(RECORDS TO USE begins)
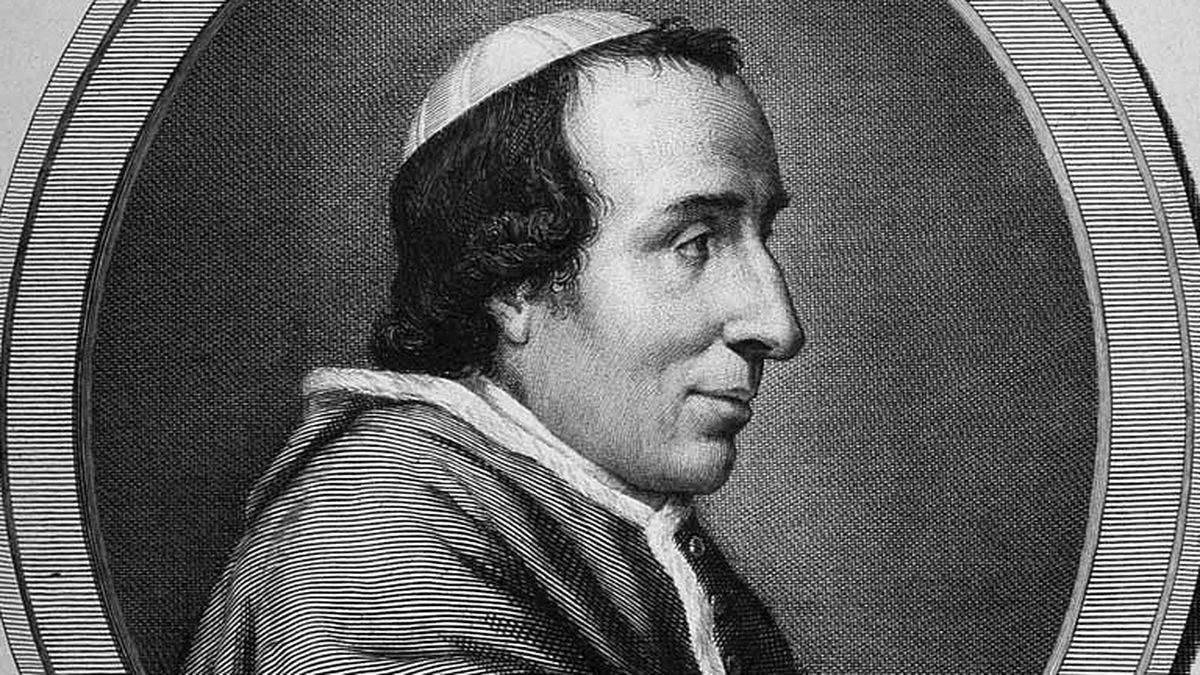 Pius VII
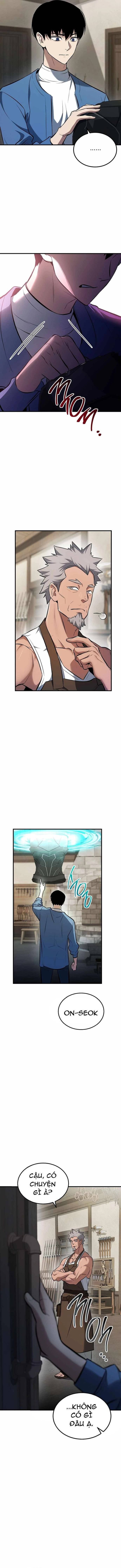 đọc truyện Anh Hùng Trở Lại Chương 131 ảnh 16 tại Thiên Thai Truyện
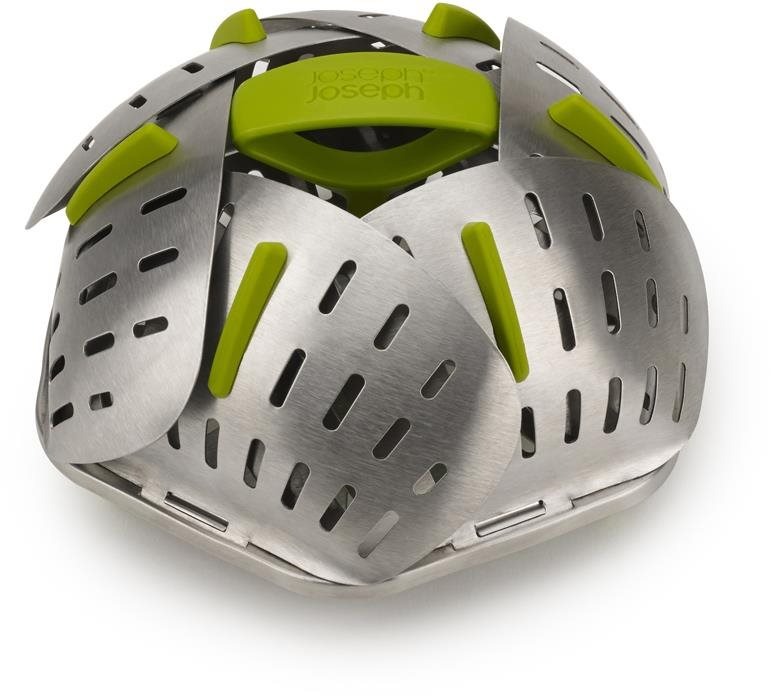 Joseph Joseph Naparovač Bloom Steel 45033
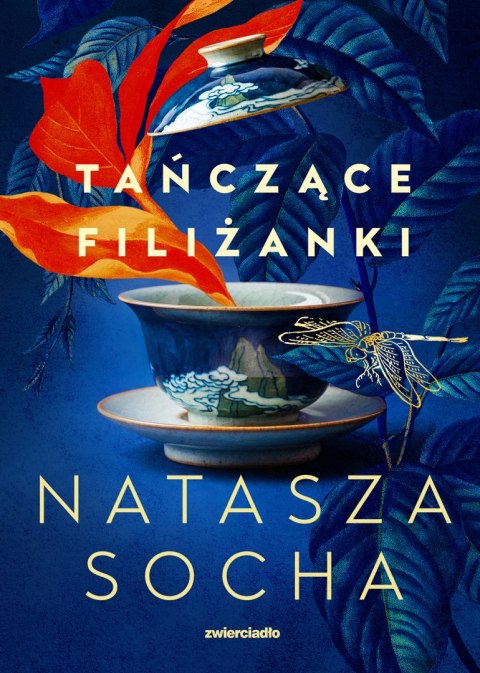 Tańczące filiżanki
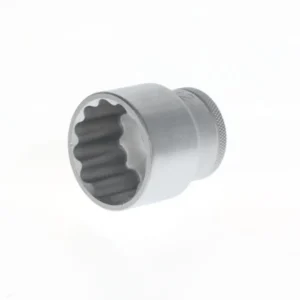Gniazdo GEDORE D 19 1/2 ″ 12-stronne ( 4000821366 )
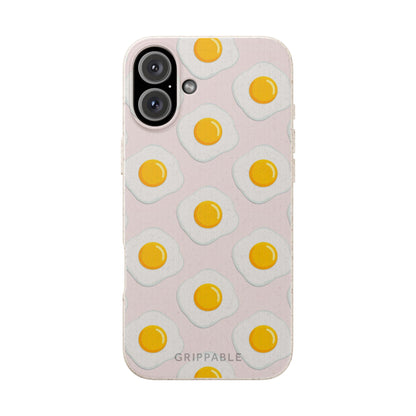 Sunny Side Up | Biodegradable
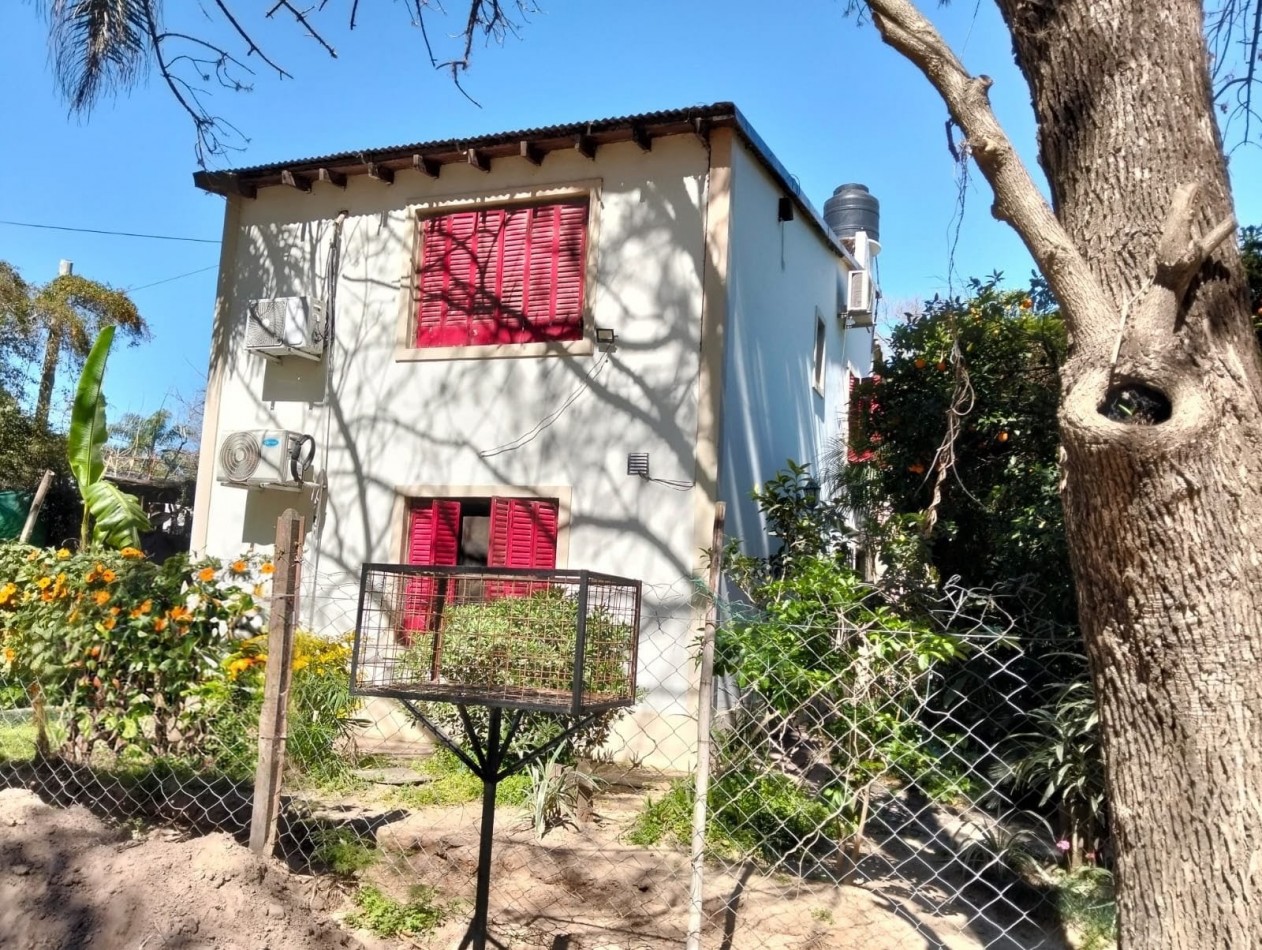 Casa Villa California 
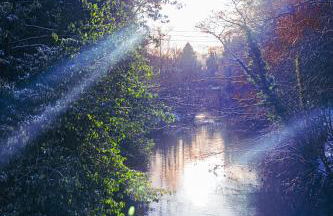 East Wing Apartment in Elgin - Foto 77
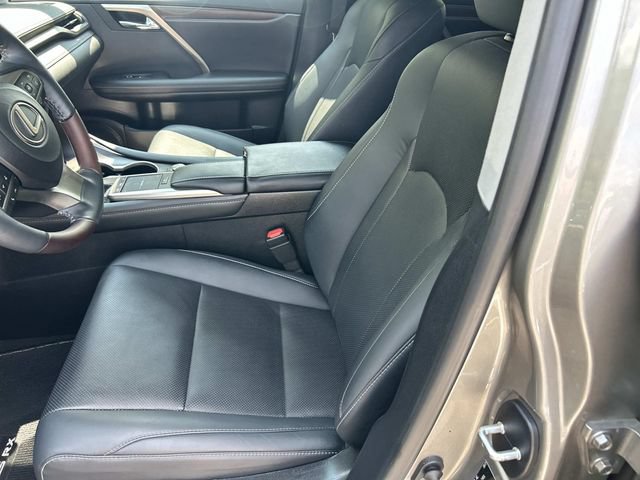 Used 2022 Lexus RX 350 FWD w/ Premium Package image 16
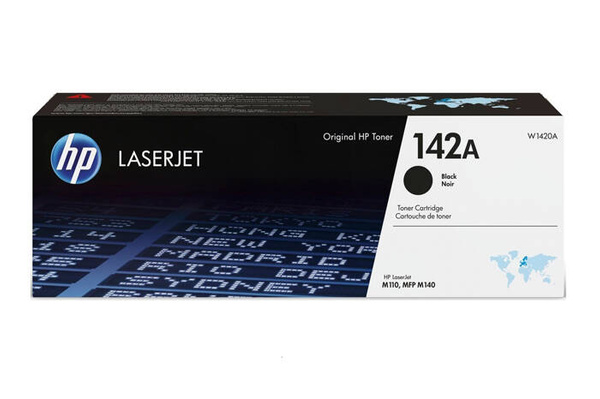 Toner HP 142A W1420A do HP LaserJet mfp M139 M142/ M109 M112/M110/M110w/M110we/M140/M140w/M140we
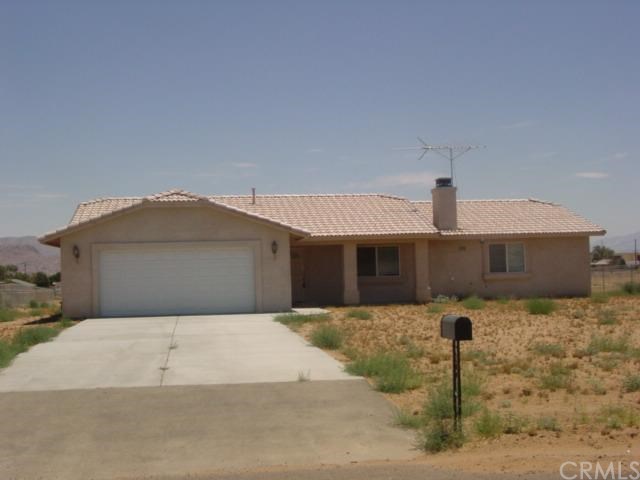 12263 Pawnee Road, Unit 1 Apple Valley, CA 92308 - Photo 1 of 1 Gallery Image 1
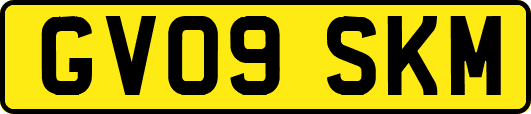 GV09SKM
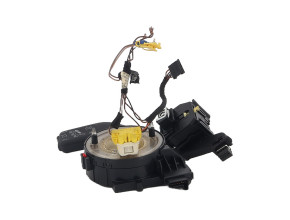 Com (Bloc Contacteur Tournant+Commodo Essuie Glace+Commodo Phare) pour VOLKSWAGEN GOLF 6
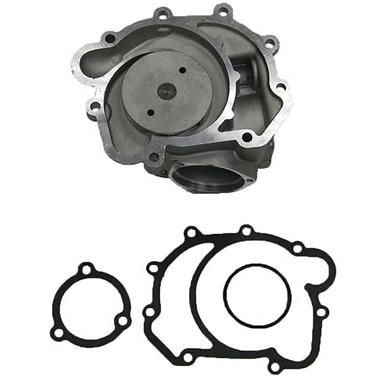 1995 Mercedes-Benz S500 Engine Water Pump G6 147-2130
(RECORDS TO USE ends)
TASK PROMPT.
Exact copy, no pictures: please print every record above as written.

ANSWER TO THE EXERCISE.
 Pius VII
 đọc truyện Anh Hùng Trở Lại Chương 131 ảnh 16 tại Thiên Thai Truyện
 Joseph Joseph Naparovač Bloom Steel 45033
 Tańczące filiżanki
Gniazdo GEDORE D 19 1/2 ″ 12-stronne ( 4000821366 )
 Sunny Side Up | Biodegradable
 Casa Villa California 
 East Wing Apartment in Elgin - Foto 77
 Used 2022 Lexus RX 350 FWD w/ Premium Package image 16
 Toner HP 142A W1420A do HP LaserJet mfp M139 M142/ M109 M112/M110/M110w/M110we/M140/M140w/M140we
 12263 Pawnee Road, Unit 1 Apple Valley, CA 92308 - Photo 1 of 1 Gallery Image 1
 GV09SKM
 Com (Bloc Contacteur Tournant+Commodo Essuie Glace+Commodo Phare) pour VOLKSWAGEN GOLF 6
 1995 Mercedes-Benz S500 Engine Water Pump G6 147-2130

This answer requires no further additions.